63 tahun sudah Indonesia merdeka, usia yang sudah dirasa cukup untuk bisa bangkit, maju sesuai harapan para pendiri bangsa. Yang jadi pertanyaan, apakah negeri tercinta ini sudah menjadi negeri yang diharapkan terlebih oleh para pejuang dan pendiri bangsa ? ?. kalau sudah, penulis meyakini mereka (dibaca para pejuang red) akan bangga dengan jerih payah mereka. Namun kalau jawabanya belum, timbul sebuah pertanyaan adakah yang salah di Negeri ini ?
Ya, ada yang salah. Ada yang salah dalam artian pengelolaan Negeri ini. Ironis memang, dinegeri yang subur ini dan melimpahnya kekayaan yang terkandung, kehidupan masyarakatnya jauh dari harapan bahkan kelaikan sekalipun dalam menjalakan kehidupan. Para pemangku kebijakan yang dipercaya mengelola negeri ini belum mampu memberikan kehidupan yang layak bagi rakatnya. Para pemangku kebijakan mengesampingkan kewajibannya sebagai tumpuan, serta harapan masyarakat dengan mementingkan terlebih dahulu kepentingan pribadi, kelompok, serta golongan. Berbagai alasan mereka lontarkan demi tercapainya kepentingan tersebut yang berkedok kepentingan nasional. Yang nyata hasilnya jelas menguntungkan kelompok-kelompok tertentu, yang nyatanya rakyat yang selalu menjadi korban.
Mereka makan hanya sekedar menegakan punggung, memejamkan mata hanya untuk sekedar melepas lelah.

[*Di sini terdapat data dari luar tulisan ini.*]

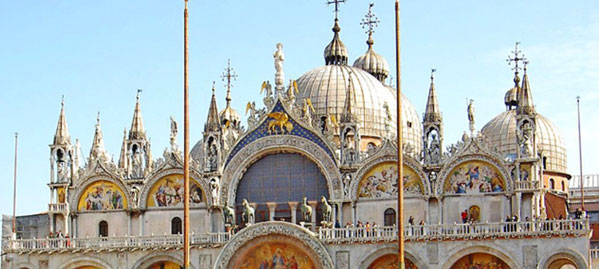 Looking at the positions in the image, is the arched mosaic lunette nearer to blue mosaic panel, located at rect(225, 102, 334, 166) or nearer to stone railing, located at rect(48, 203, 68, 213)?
blue mosaic panel, located at rect(225, 102, 334, 166)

Berangkat dari hal tersebut, kita coba menyimpulkan dalam mengisi dan menjalankan kemerdekaan ini berbanding terbalik dengan harapan dan tujuan para pendiri negeri ini. Dimana, para pejuang memusatkan kehidupan demi mewujudkan kemerdekaan. Mereka makan hanya sekedar menegakan punggung, memejamkan mata hanya untuk sekedar melepas lelah, tanpa mengharapkan penghargaan, bayaran, bahkan pujian sekalipun. Para pendiri bangsa ini terus merapatkan barisan sampai titik darah penghabisan guna merebut kemerdekaan. Kondisi saat ini jauh sekali dengan kondisi tersebut, dimana saat ini para pemangku kebijakan cenderung pamrih dalam membangun negeri tercinta ini. Alih alih membangun bangsa dengan mengatasnamakan rakyat jelata, mereka menghalalkan segala cara sekalipun itu menggadaikan kejujuran untuk kepentingan yang mana kepentingan tersebut melahirkan kesengsaraan bagi rakyat.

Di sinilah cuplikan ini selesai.